ART001 is well tolerated by all patients treated and demonstrates an outstanding safety profile. No >Grade 1 liver enzyme elevation was observed in any of the patients treated. So far, no patient in the study experienced infusion-related reaction, which was observed in 38% of the patients treated with a similar product previously.

 

Off-target editing is often one of the major concerns for gene editing product. Prior to the initiation of the IIT clinical study, ART001 has been tested extensively to ensure the risk of off-target editing is minimized. In studies using primary human hepatocytes, no off-target editing was observed after treating with ART001 at doses up to ~80 times of EC90. 

 

"Currently, there are very limited treatment options for ATTR patients in China and many parts of the world. " said Prof. Yonggang Hao, the coordinating investigator of the ART001 IIT study, "ART001 is a landmark product in China that demonstrates satisfying safety profile and remarkable potential of efficacy according to the data obtained. Developed as a single dose therapy, ART001 provides an innovative treatment which not only benefits the patients medically, but also enables significant cost reduction to the patients and the healthcare system. We will continue to advance the clinical research on ART001 to provide an accessible treatment to the underserved populations."

 

Rufang Huang, founder and director of Chinese Organization for Rare Disorders, said, "We are keenly aware of the critical medical needs of struggling patients with rare diseases like ATTR. Driven by these ever-growing needs, our team worked consistently to facilitate research and development of innovative therapies for the past decade. The fact that AccurEdit Therapeutics is able to provide the patients a cutting edge ATTR treatment based on its global leading CRISPR/Cas9 technology within just 2 years impressed us greatly.
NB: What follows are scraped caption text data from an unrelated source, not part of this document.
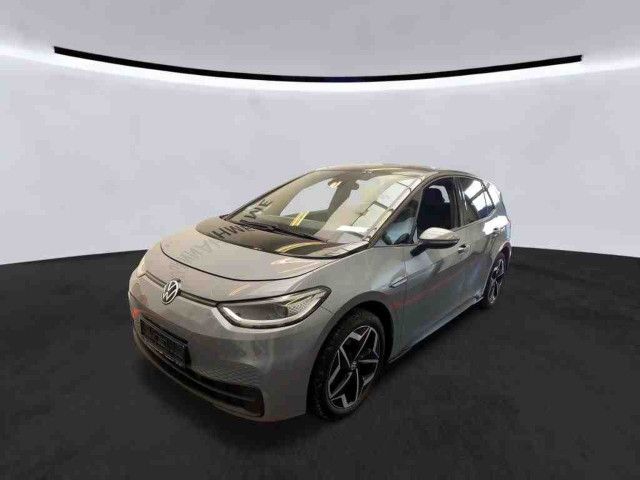 VW ID.3 58.440 km 29.490 &euro; Rendsburg 24768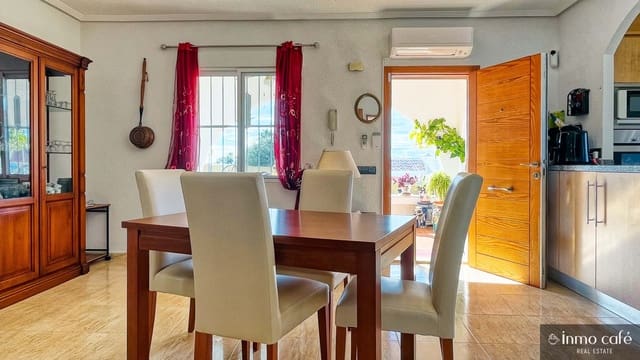 4 quarto Moradia para venda em Rojales com piscina garagem - 389 000 € (Ref: 9019631)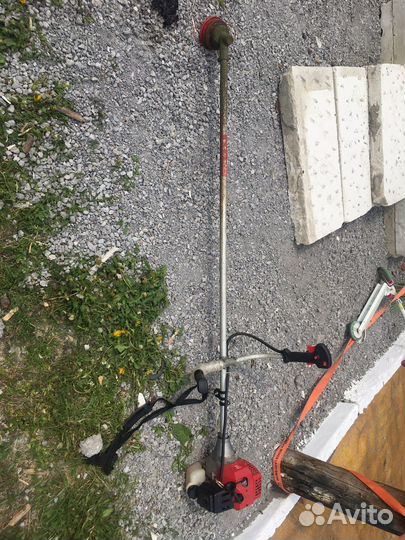 Триммер бензиновый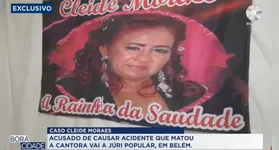 Apesar da notícia, ainda não há data para julgamento do acusado e a família aguarda a resposta da juíza à frente do caso.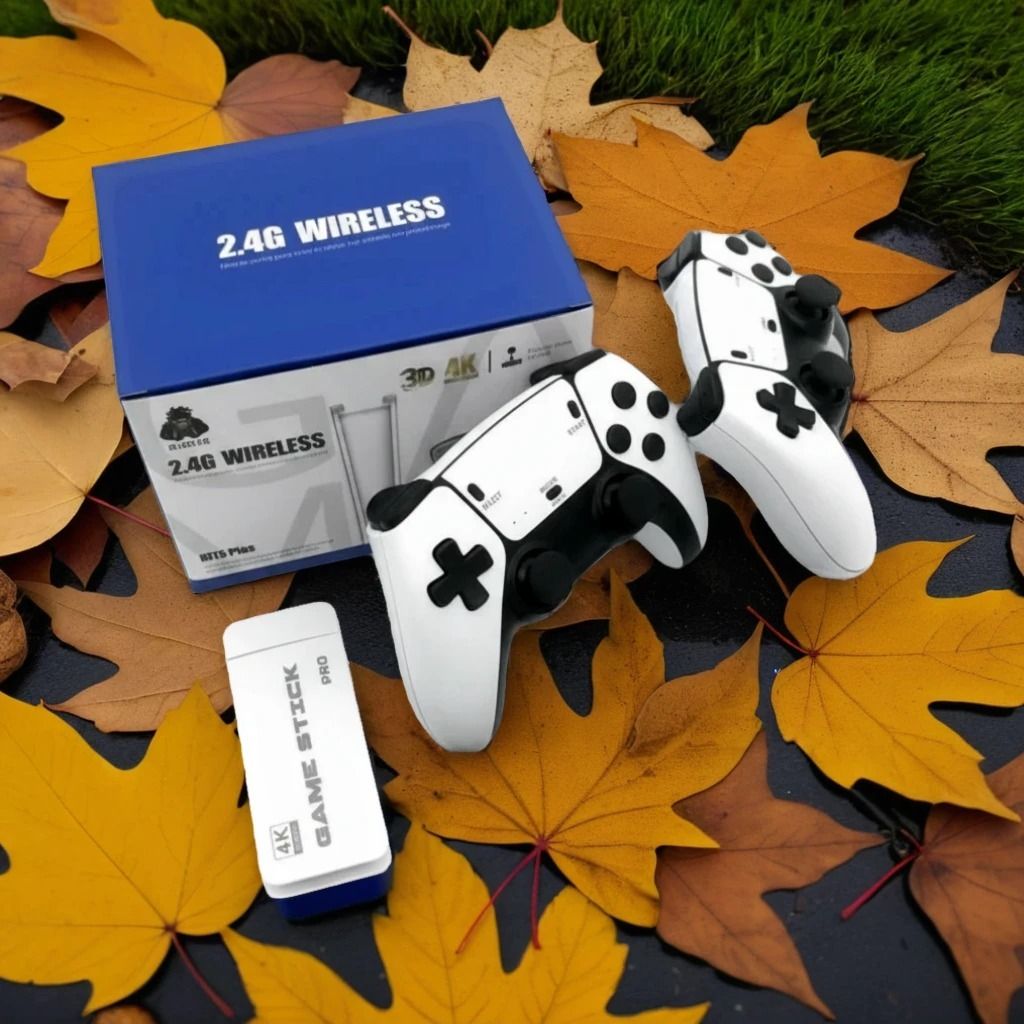 M15 GameStick Renzor Bundle Edition-image-9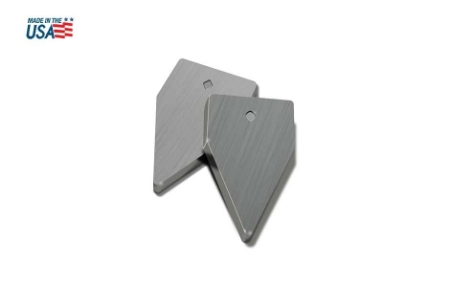 Picture of ACCUSHARP CARBIDE REPLACEMENT BLADES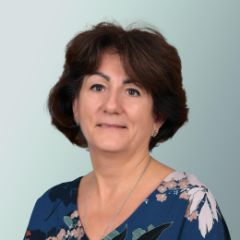 Зуева Людмила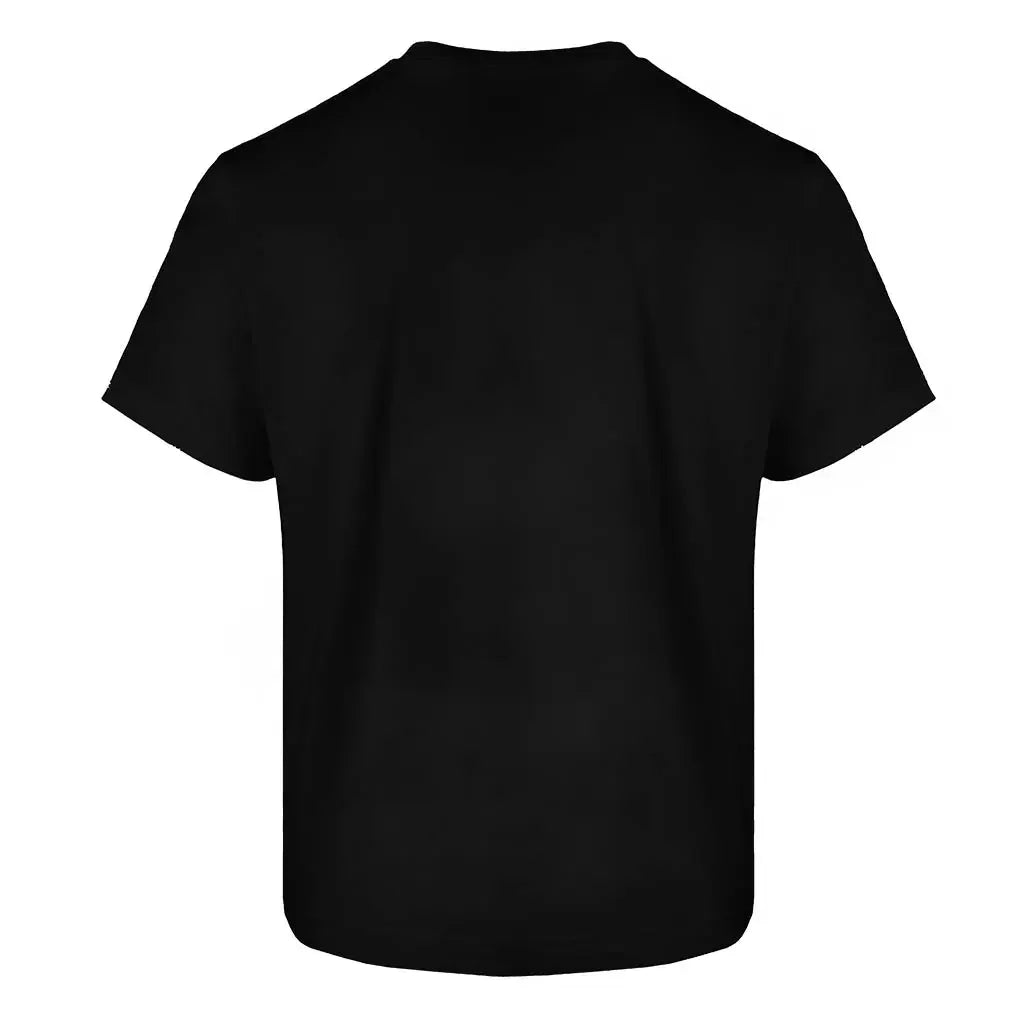 WHITE EDITION LOOPWHEELED T-SHIRT 3-PACK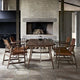 Carl Hansen BM1106 Huntsman Chair — lifestyle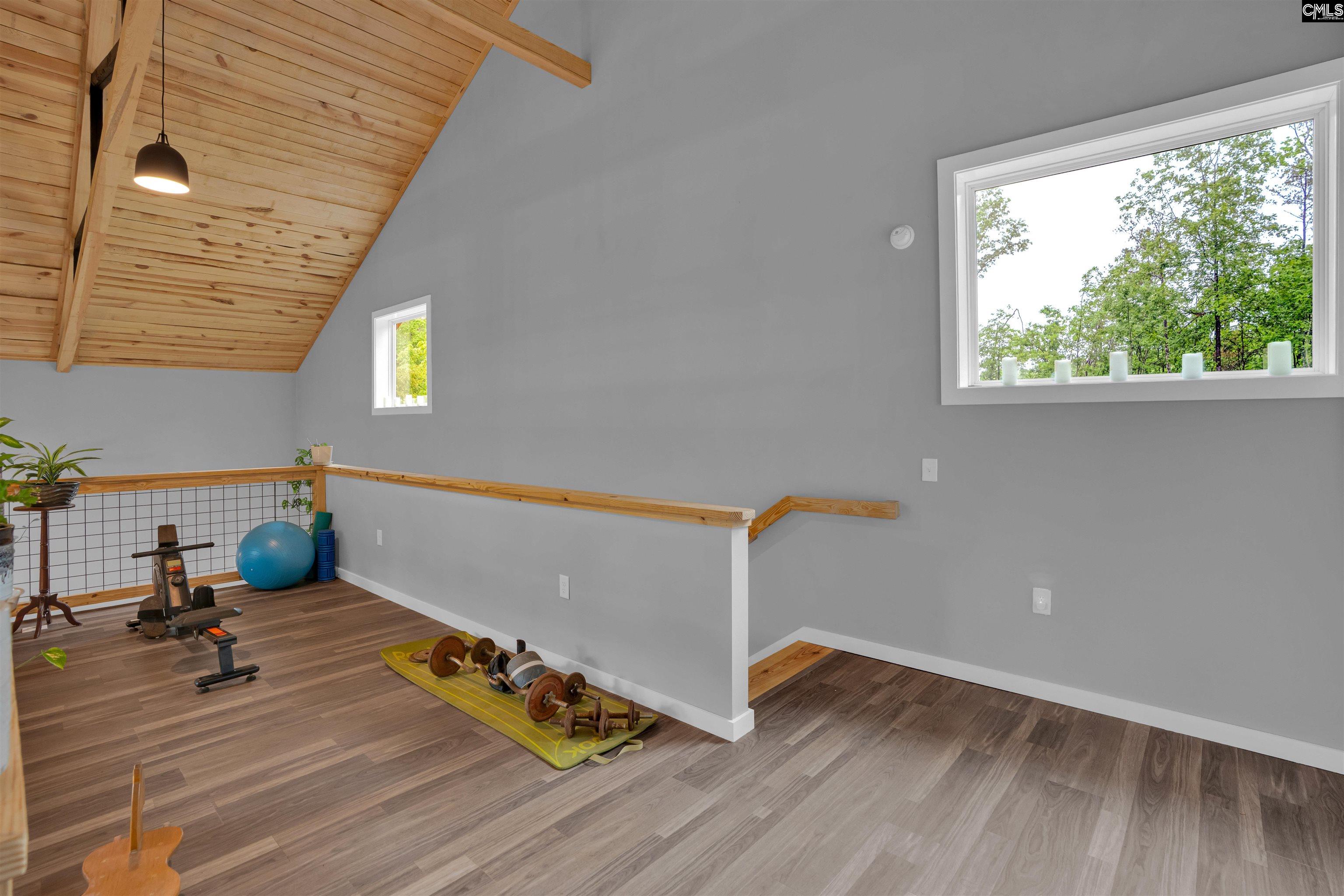 1116 Nursery Road Little Mountain, SC 29075 - Photo 44 of 75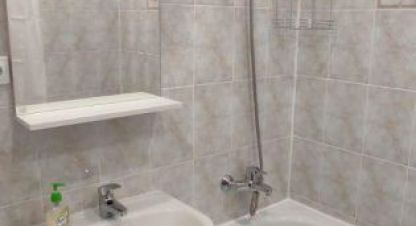 Снять квартиру 1 комнатную, 38 кв. м., Россия, г. Кореновск. Фотография №8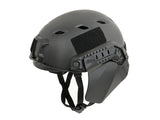 Protective side covers til helmets Set - Foliage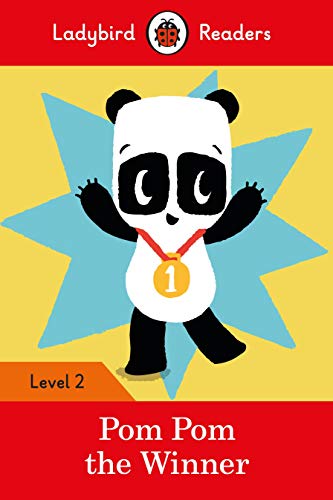 Preisvergleich Produktbild Pom Pom the Winner - Ladybird Readers Level 2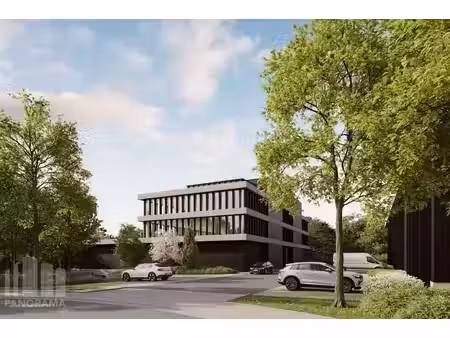 bureau de 893 m² à vendre à zaventem   près de l’aéroport...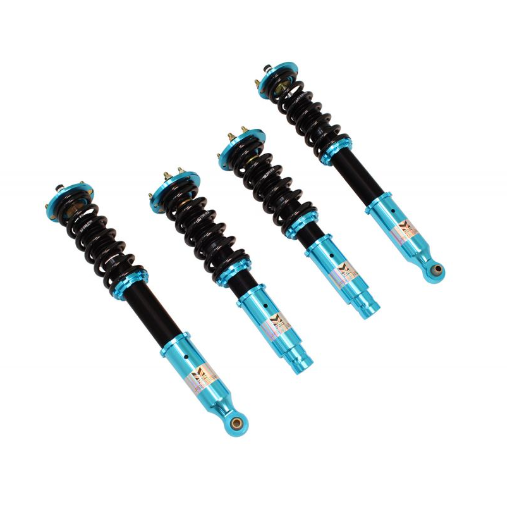 Megan Racing EZII Series Coilover Damper Kit Acura TL 04-08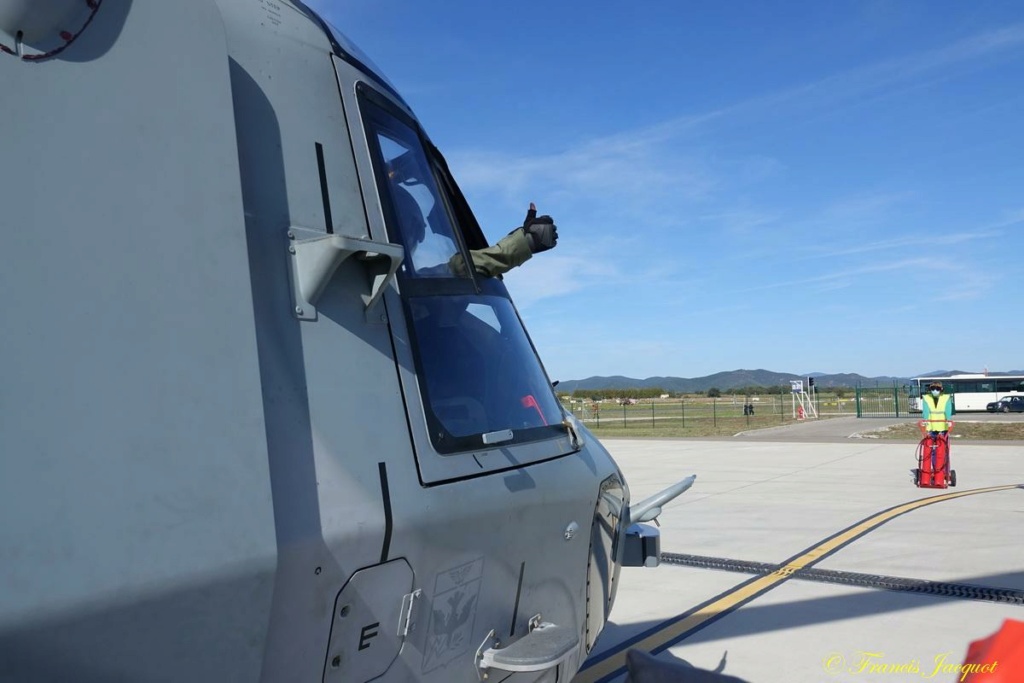 [Les Ports Militaires de Métropole] Toulon Exercice Dynamic Mariner 20 4753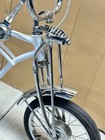 1971 Schwinn Stingray  Cotton Picker Bicycle  Restored Gg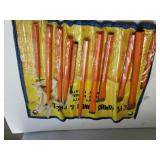Jumbo Punch & Chisel Tools
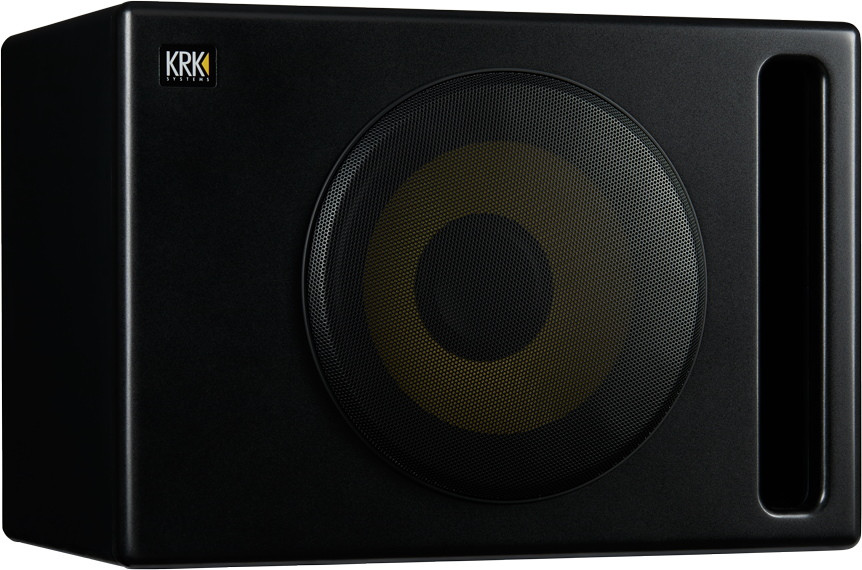 Сабвуфер KRK S12.4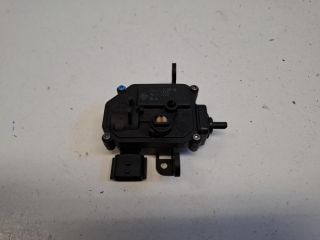 bontott RENAULT ZOE Központizár Motor Tankajtó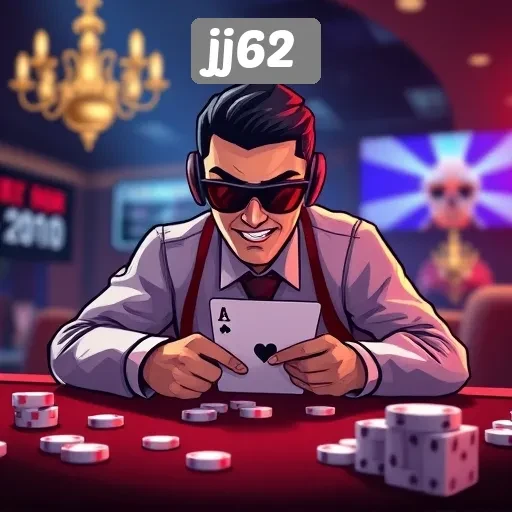 JJ62 sebagai Pilihan Permainan Online yang Aman untuk Pemain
We are thrilled to see ART001’s safety and TTR reduction data and look forward to working together to advance it to later stages of clinical trials!"

 

"We greatly appreciate all the patients and their families, Prof. Hao and his team, as well as Mr. Huang and Chinese Organization for Rare Disorders to make this study possible. " stated Dr. Wang Yongzhong, founder, chairman and CEO of AccurEdit Therapeutics. "The AccurEdit team is extremely encouraged as ART001 became the ground-breaking product in the field of in vivo gene editing in China and demonstrated the potential to be the best-in-class product for ATTR in the world. We are happy to see that ART001 is showing potential to benefit patients in China and hope to bring it to patients outside of China in the near future.”